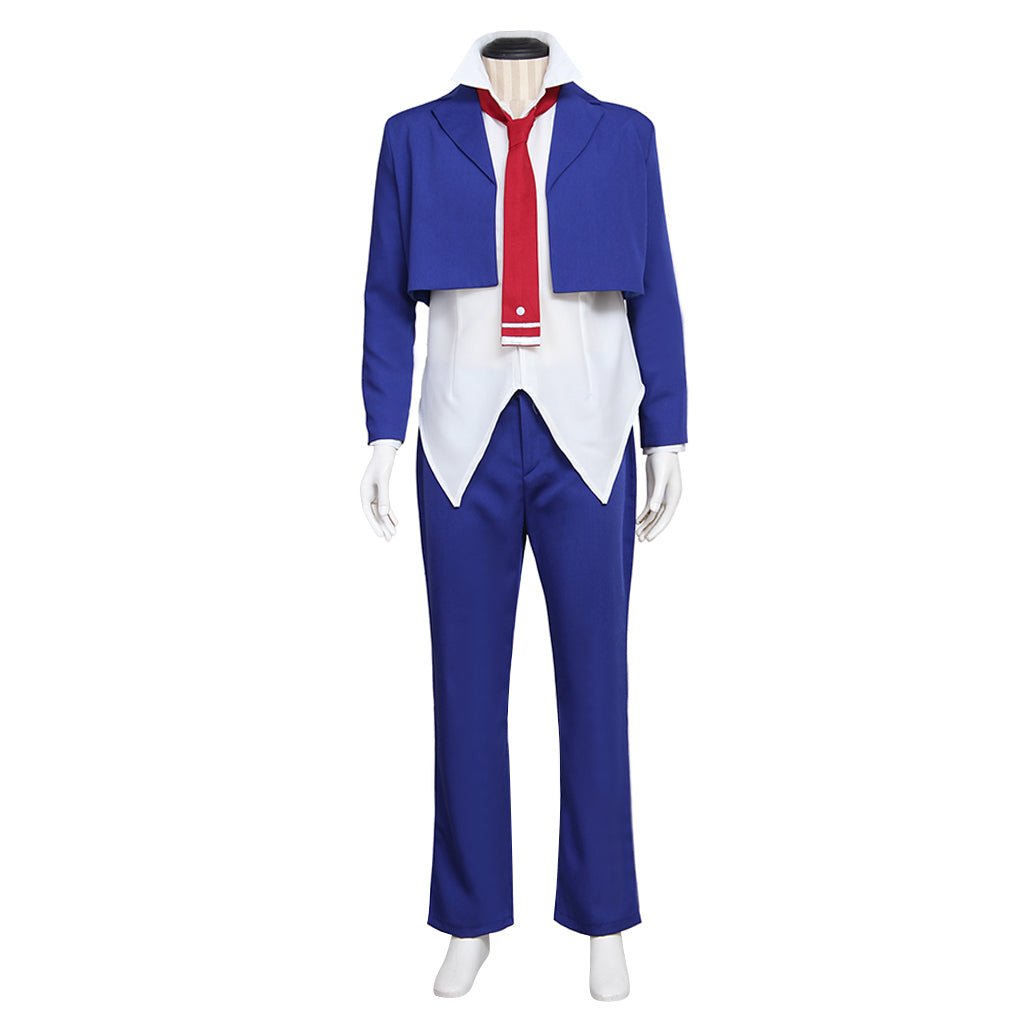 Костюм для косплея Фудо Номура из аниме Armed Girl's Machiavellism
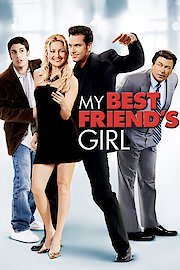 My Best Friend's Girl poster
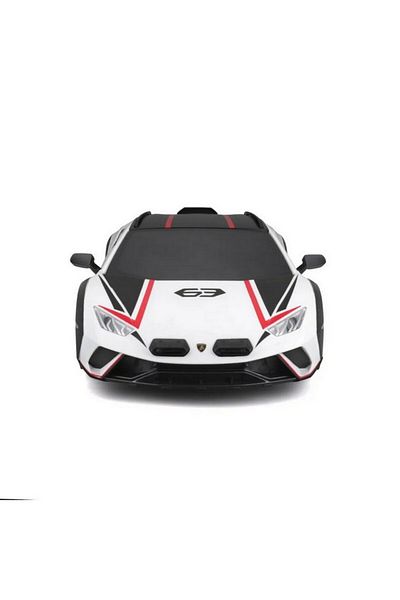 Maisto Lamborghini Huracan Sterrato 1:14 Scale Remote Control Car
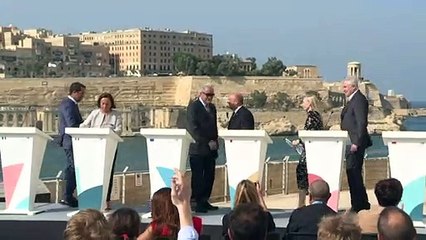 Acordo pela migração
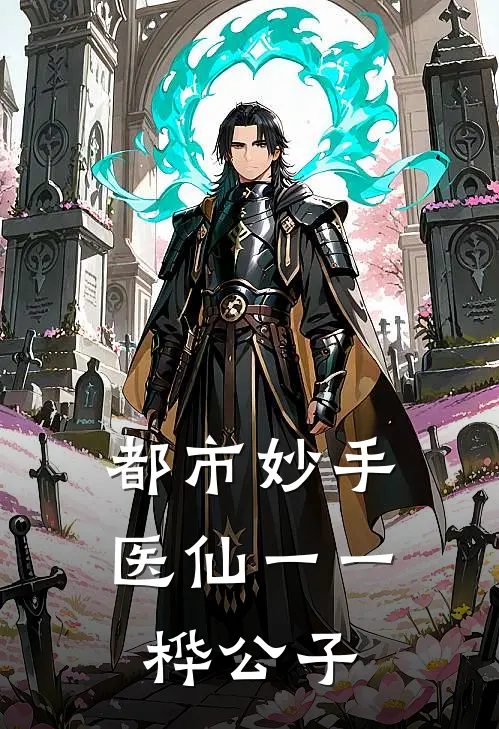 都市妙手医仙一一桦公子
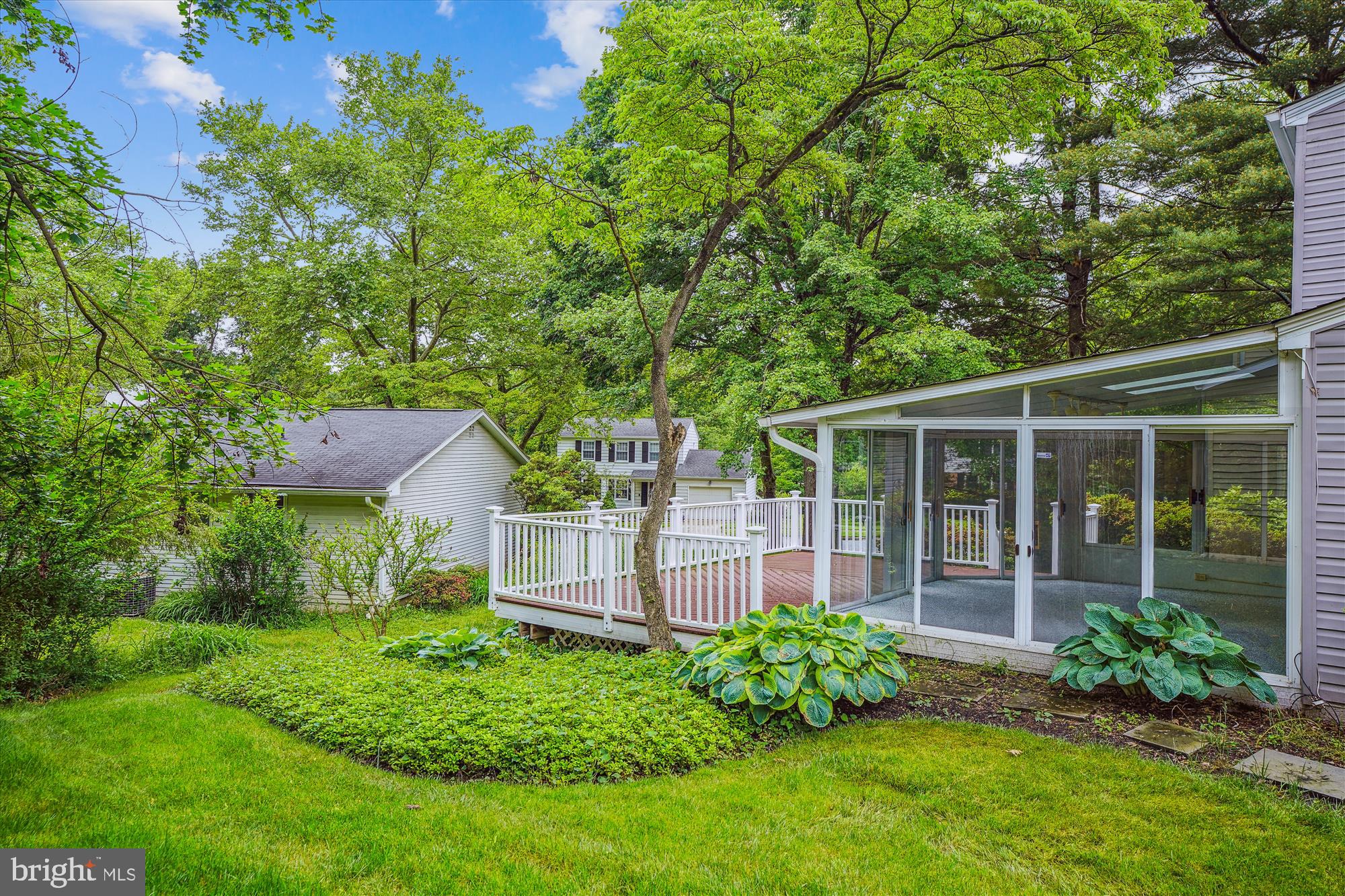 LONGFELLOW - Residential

» About this task
Every line of the material should be repeated precisely; pictures are to be excluded.

» Result for this task
 Костюм для косплея Фудо Номура из аниме Armed Girl's Machiavellism
 My Best Friend's Girl poster
 Maisto Lamborghini Huracan Sterrato 1:14 Scale Remote Control Car
 Acordo pela migração
 都市妙手医仙一一桦公子
 LONGFELLOW - Residential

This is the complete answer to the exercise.